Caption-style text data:

# # # # # # #

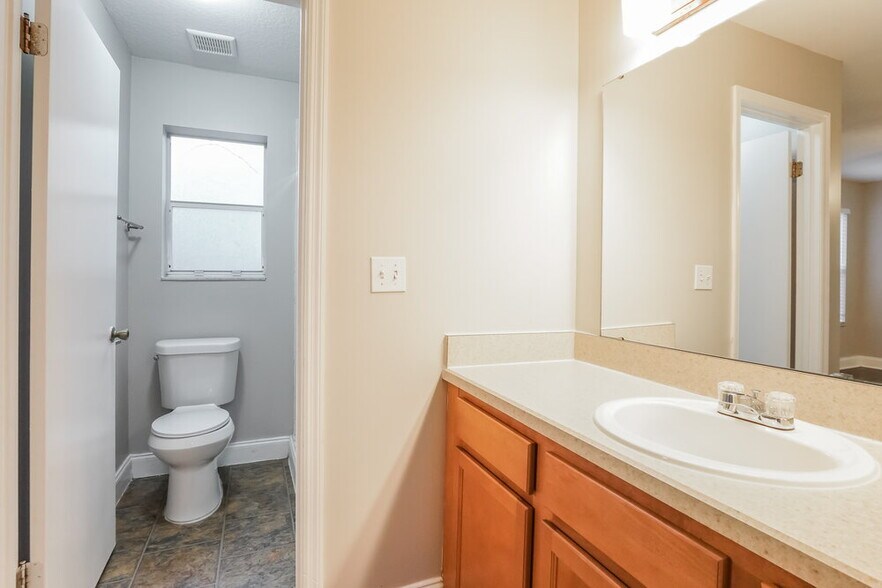 Building Photo - 2651 Waterview Dr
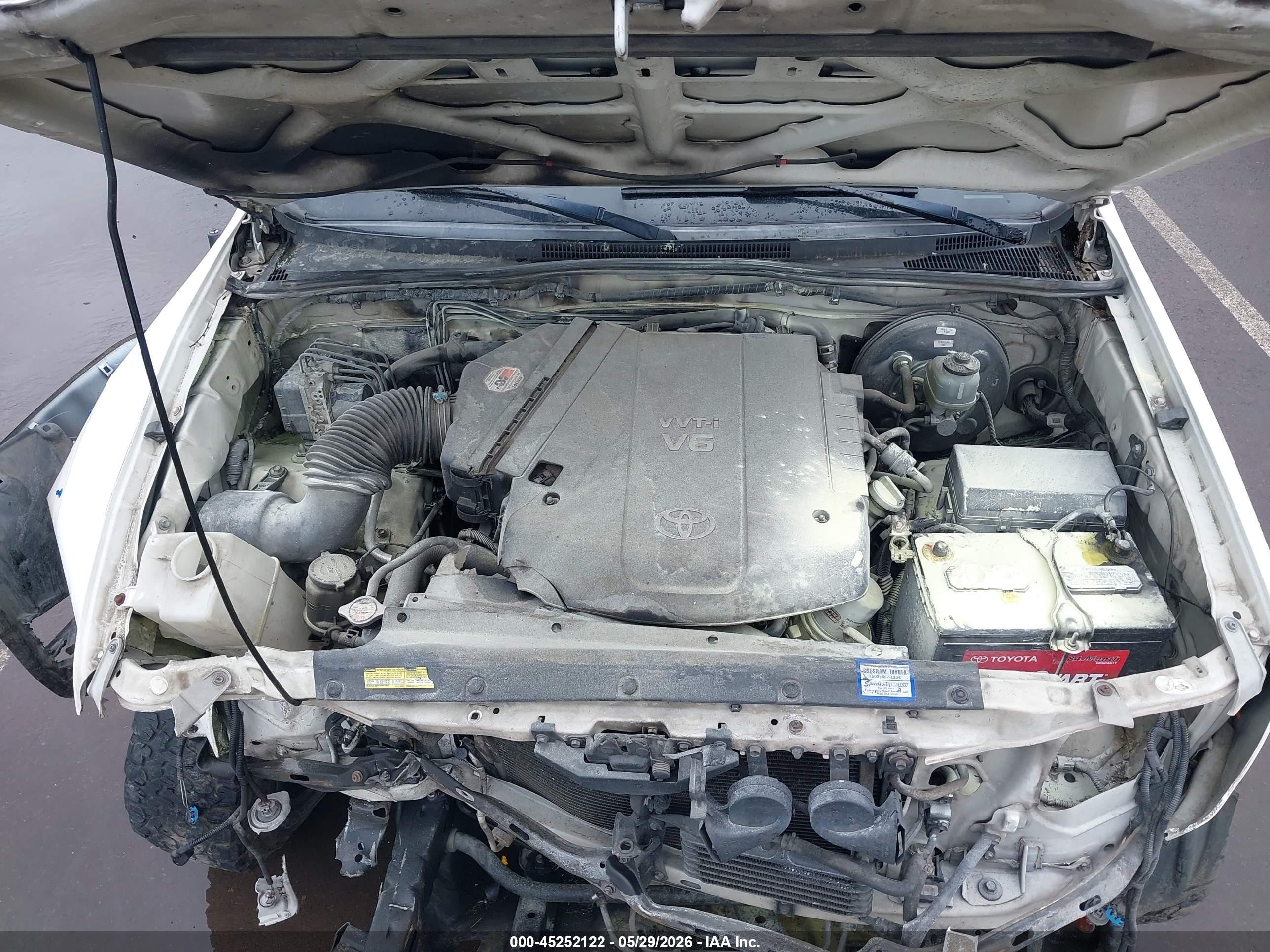2010 Toyota Tacoma Base V6 White vin: 5TEMU4FN7AZ698561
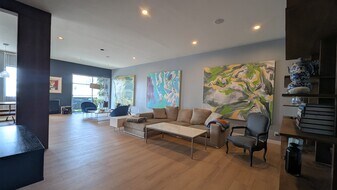 Building Photo - 7121 Hillside Ave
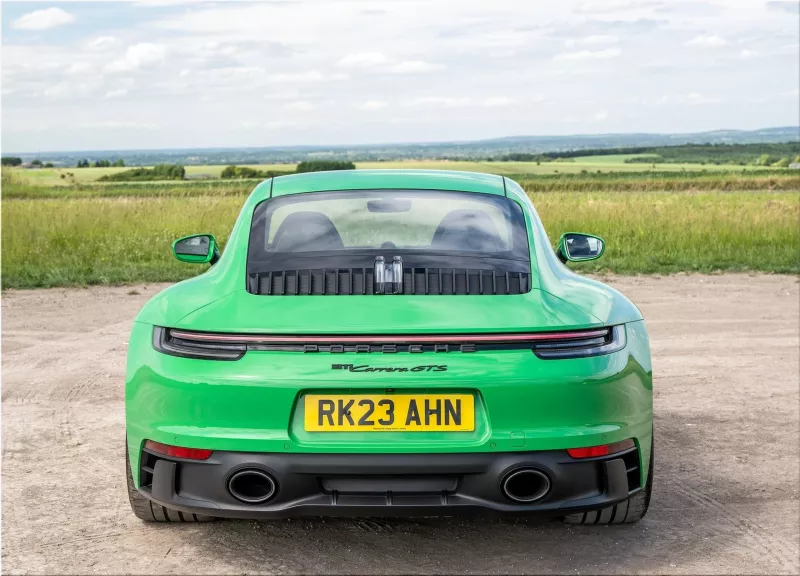 Porsche 911 Carrera GTS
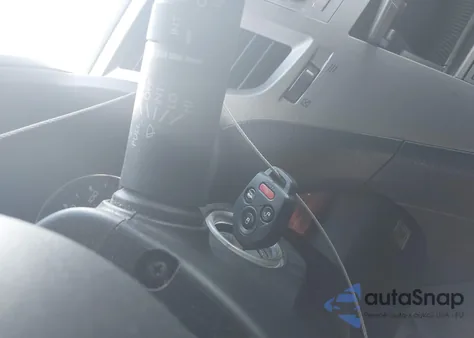 2011 Subaru Outback 2.5I Limited z USA, uszkodzony, nr VIN 4S4BRBKC6B3366088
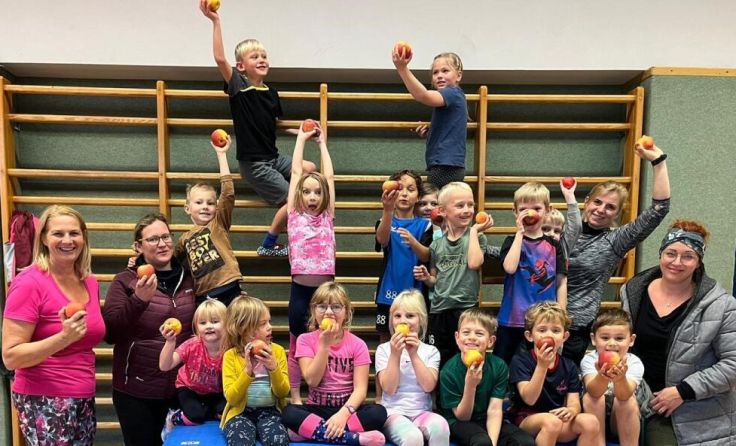 Stärkung mit einem Apfel beim Kinderturnen (Foto: Maria Zaunmaier)
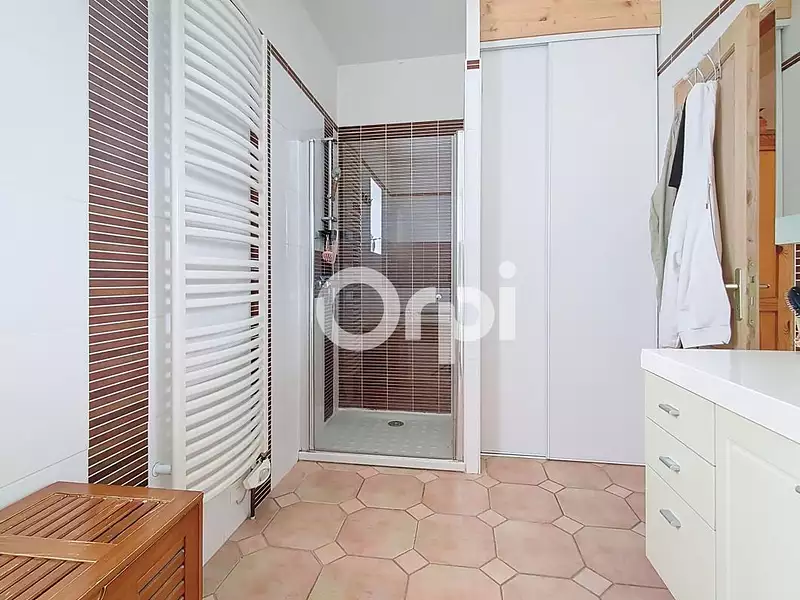Maison, 160 m²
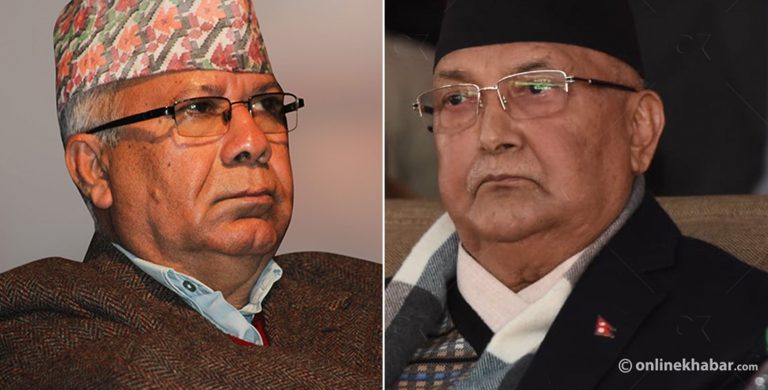 प्रधानमन्त्री ओलीले माधव नेपालसहित पूर्वएमालेका ४ नेतासँग छलफल गर्दै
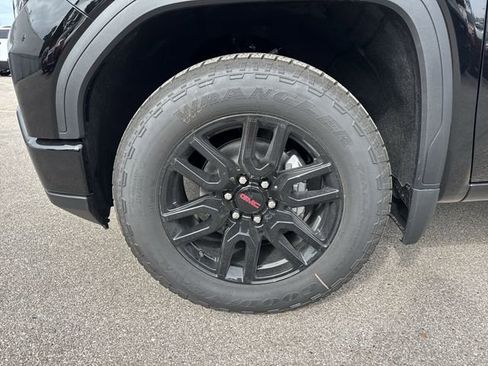 New 2026 GMC Sierra 1500 Elevation image 10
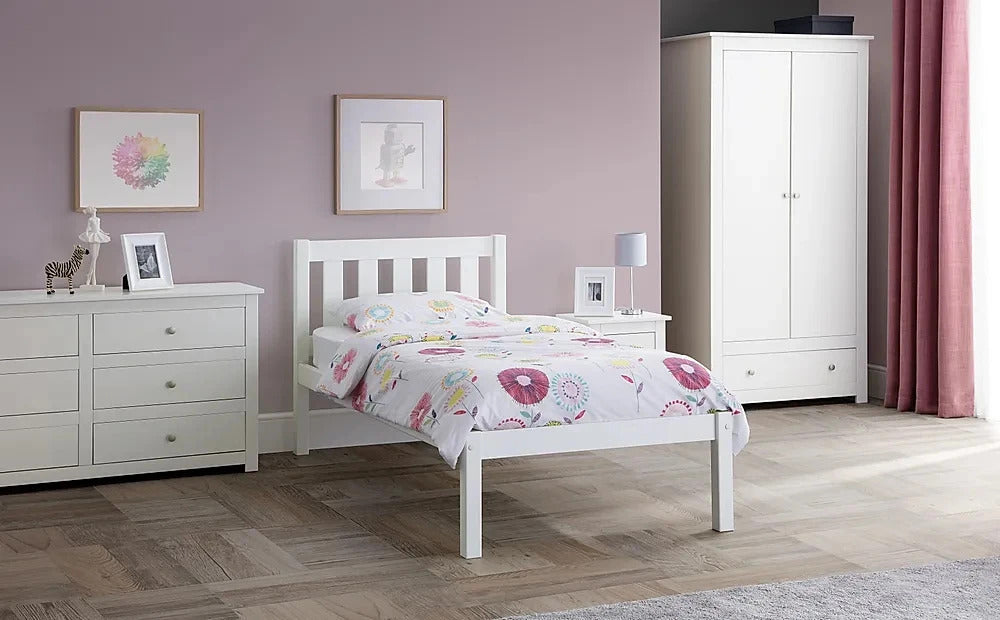 Single Bed: Classic Wooden Single Bed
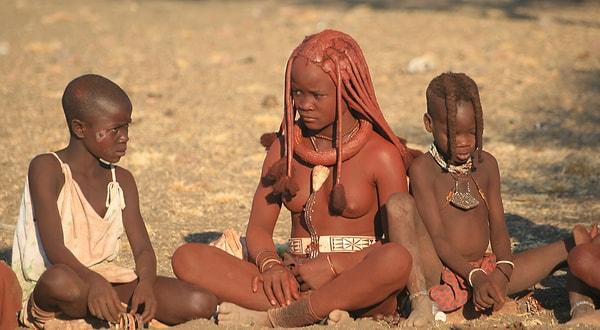 Avcılık ve toplayıcılık ile geçinen Himbalar, çok ciddi kuraklıklarla karşılaşsalar da günümüze kadar gelmeyi başardı.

# # # # # # #

» Work item
Could you repeat all of the entries exactly, without the pictures?

» Response to the task
 Building Photo - 2651 Waterview Dr
2010 Toyota Tacoma Base V6 White vin: 5TEMU4FN7AZ698561
 Building Photo - 7121 Hillside Ave
 Porsche 911 Carrera GTS
 2011 Subaru Outback 2.5I Limited z USA, uszkodzony, nr VIN 4S4BRBKC6B3366088
 Stärkung mit einem Apfel beim Kinderturnen (Foto: Maria Zaunmaier)
Maison, 160 m²
 प्रधानमन्त्री ओलीले माधव नेपालसहित पूर्वएमालेका ४ नेतासँग छलफल गर्दै
 New 2026 GMC Sierra 1500 Elevation image 10
 Single Bed: Classic Wooden Single Bed
 Avcılık ve toplayıcılık ile geçinen Himbalar, çok ciddi kuraklıklarla karşılaşsalar da günümüze kadar gelmeyi başardı.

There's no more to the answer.